Rüzgar mı delice eserdi,
Gözlerim mi öyle görürdü yoksa..
Saçlarının her haali hoşuma giderdi.

Saygı
Sana güzel diyorlar;
Sakın olma.

Sensiz  
Sensiz de denizi seyredebiliyorum.
Hem dalgaların dili seninkinden açık.
Ne kadar hatırlatsan kendini boş.
Sensiz de seni sevebiliyorum.
Hep boş konuşurduk hatırlar mısın, bula bula.
Karşılaştığımız zamanlarda.
Sen, sevgiden şımaran çocuk,
Ben şaşıran budala.

Lavinia

5 Kasım 2012 Pazartesi

Orhan Veli Kanık, Bütün Şiirleri


Şiir, insana yaşadığını hissettiren bir şey, içini duyguyla dolduran, üzen, içini titreten bazen gülümseten. Bir öykü veya roman okurken olandan daha çok içine saplanıyor insanın cümleler. Bazen bir dörtlük veya bir mısra yüzünden günlerce belki haftalarca beynimizde aynı olaylar defalarca vuku bulur. Hayatı düz ve gelişine yaşamaktan kurtarıp insana insan olduğunu da hatırlatır şiirler.Ama günümüzde "robot", "soğuk", "duygusuz", "sevgisiz" olmak makbul olduğu için ne adam akıllı şiir kitapları var artık ne de sadakat yüklü aşklar.Aşık olmanın acizlik ve zayıflık olarak lanse edildiği bir dönem yaşarken bunların beklentisine girmek bile abuk.Benim merak ettiğim daha ne kadar süre kendimizi kandıracağız duygularımız olmadığı konusunda? 

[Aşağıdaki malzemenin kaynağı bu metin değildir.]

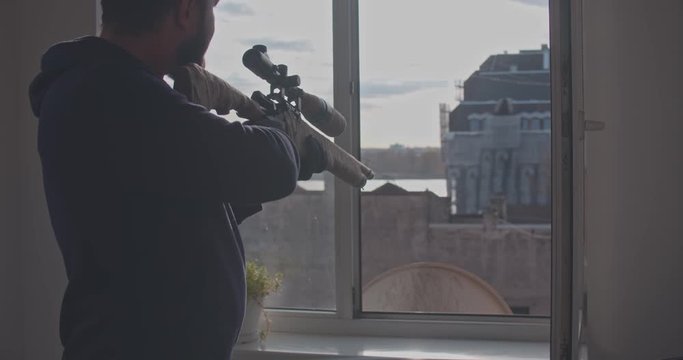 A man in black gloves opens a window. CSI Hired assassin getting ready for a shot, killer.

Orhan Veli şiirlerine aşinaydım ama onun bu kendine haslığı nedeniyle bütün şiirlerini bilmek istedim, iyi ki de bu isteği duymuşum beni kendi düşüncelerimden uzaklaştırıp duygularıma kaçırdı. Bünyeye antidepresan gibi yapay maddeler sokmak yerine her akşam bir iki dozluk şiir okuma seansları düzenlemek bence insana insan olduğunu hatırlatan duygularını geri verir. 

Hilmi Yavuz'unda dediği gibi; "Hüzün ki en çok yakışandır bize, belki de en çok anladığımız."